Orthogonal $\mathbf{A}$: $n^2$ flops at most. Why? Permutation matrix, Householder matrix, Jacobi matrix, ... take less.
Toeplitz systems (constant diagonals): $$ \mathbf{T} = \begin{pmatrix} r_0 & r_1 & r_2 & r_3 \\ r_{-1} & r_0 & r_1 & r_2 \\ r_{-2} & r_{-1} & r_0 & r_1 \\ r_{-3} & r_{-2} & r_{-1} & r_0 \end{pmatrix}. $$ $\mathbf{T} \mathbf{x} = \mathbf{b}$, where $\mathbf{T}$ is pd and Toeplitz, can be solved in $O(n^2)$ flops. Durbin algorithm (Yule-Walker equation), Levinson algorithm (general $\mathbf{b}$), Trench algorithm (inverse). These matrices occur in auto-regressive models and econometrics.
ToeplitzMatrices.jl
package can be useful.Circulant systems: Toeplitz matrix with wraparound $$ C(\mathbf{z}) = \begin{pmatrix} z_0 & z_4 & z_3 & z_2 & z_1 \\ z_1 & z_0 & z_4 & z_3 & z_2 \\ z_2 & z_1 & z_0 & z_4 & z_3 \\ z_3 & z_2 & z_1 & z_0 & z_4 \\ z_4 & z_3 & z_2 & z_1 & z_0 \end{pmatrix}, $$ FFT type algorithms: DCT (discrete cosine transform) and DST (discrete sine transform).

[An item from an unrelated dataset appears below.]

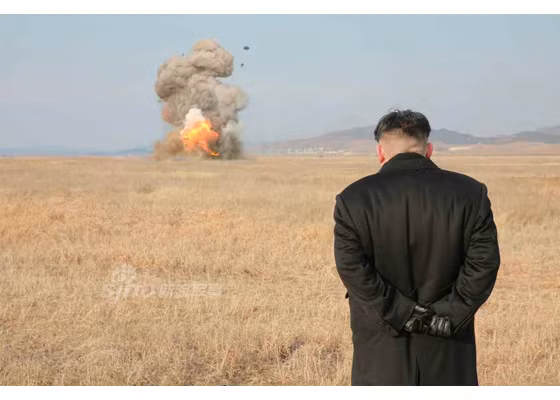 Nhà lãnh đạo Kim Jong-un đứng nhìn khoảnh khắc xe tăng bị bắn trúng.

Vandermonde matrix: such as in interpolation and approximation problems $$ \mathbf{V}(x_0,\ldots,x_n) = \begin{pmatrix} 1 & 1 & \cdots & 1 \\ x_0 & x_1 & \cdots & x_n \\ \vdots & \vdots & & \vdots \\ x_0^n & x_1^n & \cdots & x_n^n \end{pmatrix}. $$ $\mathbf{V} \mathbf{x} = \mathbf{b}$ or $\mathbf{V}^T \mathbf{x} = \mathbf{b}$ can be solved in $O(n^2)$ flops.
Cauchy-like matrices: $$ \Omega \mathbf{A} - \mathbf{A} \Lambda = \mathbf{R} \mathbf{S}^T, $$ where $\Omega = \text{diag}(\omega_1,\ldots,\omega_n)$ and $\Lambda = \text{diag}(\lambda_1,\ldots, \lambda_n)$. $O(n)$ flops for LU and QR.
Structured-rank problems: semiseparable matrices (LU and QR takes $O(n)$ flops), quasiseparable matrices, ...